It’s a tough environment in Australian retailing at the moment. The fact that two CEOs have left their roles mid-way through their contracts is clear evidence that our publicly quoted, traditional, Australian domiciled and single market retailers are struggling.
Australia’s high unemployment rate, more cautious shoppers who have greater choice with global and new physical entrants, is taking its toll. Not in any dramatic way, just in a grindingly constant loss of a few more shoppers and a few more dollars per store per day.
Lower prices, more choice, increasing labour and energy costs always play havoc with large, very high volume, very low profit margin companies. Retailers, airlines and courier companies all face the same issues. Lose a few customers, increase key large cost areas by a little and hey presto we’re trading dollars or making a loss.

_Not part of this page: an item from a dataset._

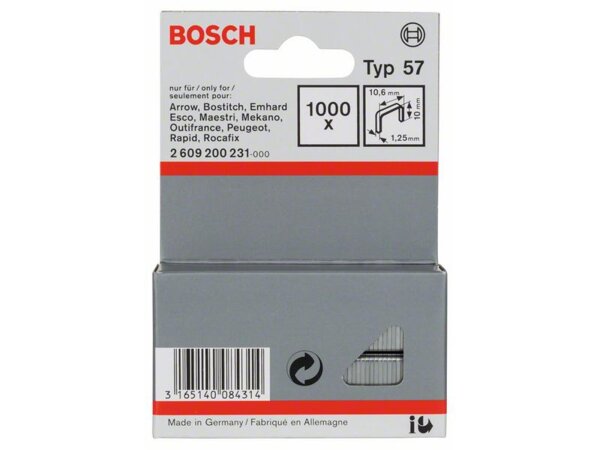 Bosch Flachdrahtklammer Typ 57, 10,6 x 1,25 x 10 mm, 1000er-Pack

For the avoidance of doubt, Tjeerd Jegen and Bernie Brookes are both very accomplished retailers. They’ve both had successful careers over a long period of time.
However, when you run a retailer that has exposure to only one country, and you are competing with larger, global store based, omni-channel and pure online retailers, you have very little wriggle room. You can’t draw on your expertise in the US or Europe, or your global buying power. You can’t balance off a poor month’s quarter in Brazil with a pleasing strong month in Spain. Your market dynamics are Australia, and that’s it. Have three poor quarters back to back and it hurts your business, your suppliers, employees and shareholders. And that’s what’s happening in Australian retail right now.
So what? Well as with our car factories, so with our retailers. We can’t compete all on our lonesome in Australia with global retailers. There will be more change in our major retailers over the coming 24 months. Changes in ownership, collaboration, sourcing and cost.
Oh and a lot of money invested in specialist retail technology in three key areas: to lower labour costs, to improve shopper engagement and to improve online capabilities.
I don’t know where and I don’t know when. But it is coming. Why? Because it’s already happening in Europe and the US. And that’s where our Australian retailers’ new competitors, and potential acquirers, are based.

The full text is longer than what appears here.